Группа исследователей из Политехнического университета Виргинии, а также компаний Cyentia и RAND, опубликовала результаты анализа рисков при применении различных стратегий исправления уязвимостей. Изучив 76 тысяч уязвимостей, найденных с 2009 по 2018 год, было выявлено, что только 4183 из них (5.5%) применялись для осуществления реальных атак. Полученный показатель в пять раз превышает ранее опубликованные прогнозы, в которых число эксплуатируемых проблем оценивалось примерно в 1.4%.

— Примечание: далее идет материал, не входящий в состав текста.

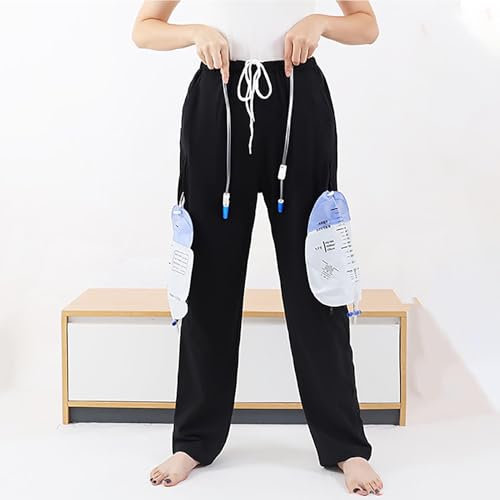 TUPOSTAR Katheter-Beinbeutel Hose FüR MäNner Und Frauen, Baumwollhose FüR Urinbeutel Nach Operationen, Drainagebeutel KöNnen In Der Hose Versteckt Werden,Double Pocket a,XL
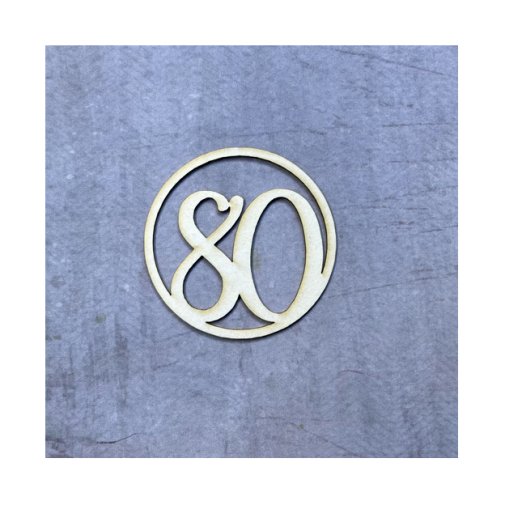 Die-cuts, cardboard: Number 80, 1 pc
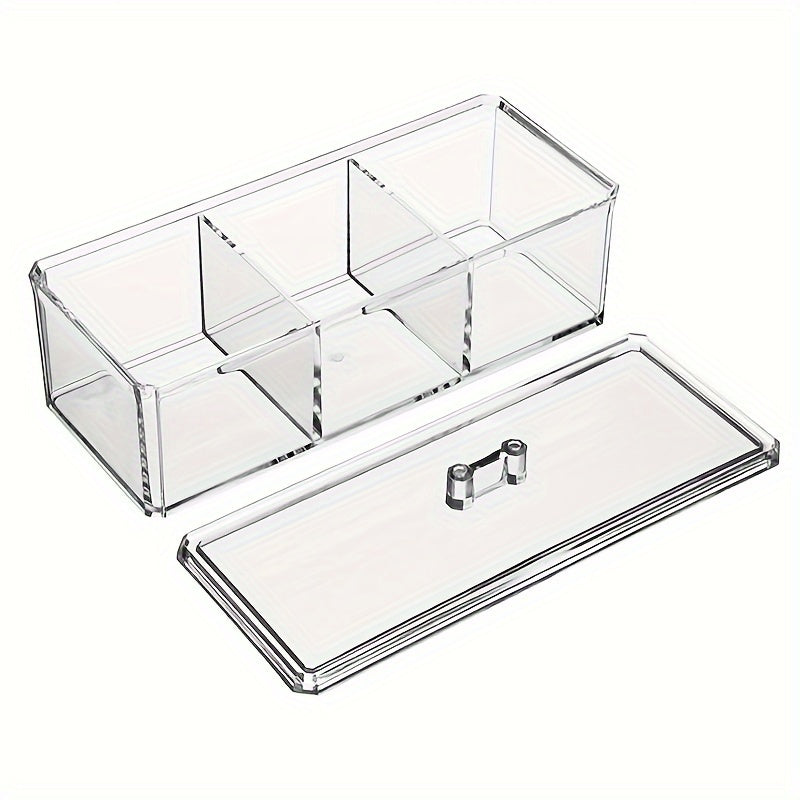 Cotton Swab Storage Box With Lid Transparent Cosmetics Storage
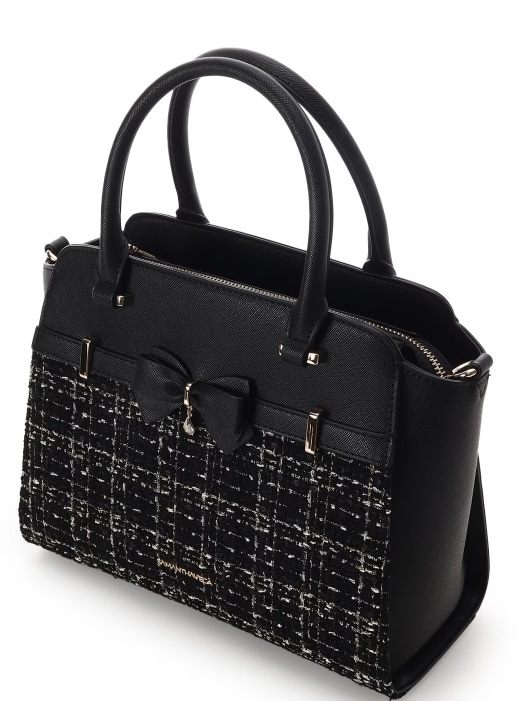 ツイードアクセントリボンハンドバッグ【ブラック】 ブラック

При этом не найдено корреляции между публикацией прототипов эксплоита в открытом доступе и попытками эксплуатации уязвимости. Из всех известных исследователям фактов эксплуатации уязвимостей только в половине случаев для проблемы до этого в открытых источниках публиковался прототип эксплоита. Отсутствие прототипа эксплота не останавливает атакующих, которые при необходимости создают эксплоиты своими силами.
Из других выводов можно отметить востребованность для эксплуатации в основном уязвимостей, имеющих высокий уровень опасности по классификации CVSS. В почти половине атак применялись уязвимости с весом не менее 9.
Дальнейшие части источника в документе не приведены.